The expected output is the full data, repeated exactly, without pictures.

- [COLLECTED MATERIAL]:
══════════════════════════════
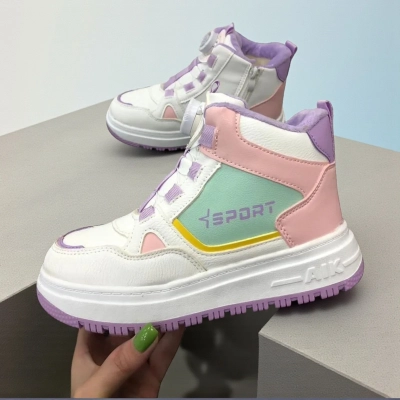 Кроссовки детские на зиму искусственная кожа белые с розовым A7186-17 Кроссовки детские на зиму искусственная кожа белые с розовым A7186-17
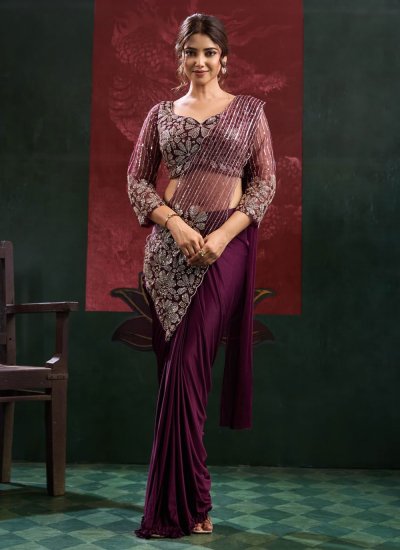 Lycra Purple Classic Saree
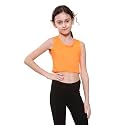 Kids Girls Neon Fluorescent Vest Crop Tops T-Shirt Tee Top Dance Wear Gymnastic Fancy Dress Age 5-14 Years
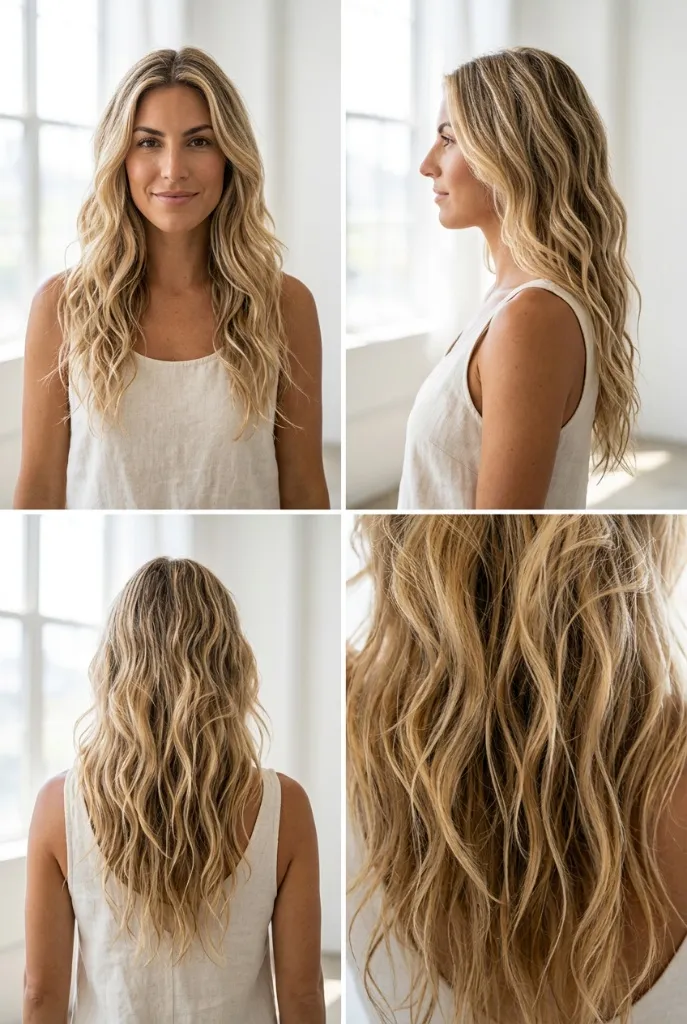 Four-angle view of long blonde beach waves with natural movement in a bright studio — effortless, sun-kissed, California cool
══════════════════════════════
- [RESPONSE TO THIS TASK]:
 Кроссовки детские на зиму искусственная кожа белые с розовым A7186-17 Кроссовки детские на зиму искусственная кожа белые с розовым A7186-17
 Lycra Purple Classic Saree
 Kids Girls Neon Fluorescent Vest Crop Tops T-Shirt Tee Top Dance Wear Gymnastic Fancy Dress Age 5-14 Years
 Four-angle view of long blonde beach waves with natural movement in a bright studio — effortless, sun-kissed, California cool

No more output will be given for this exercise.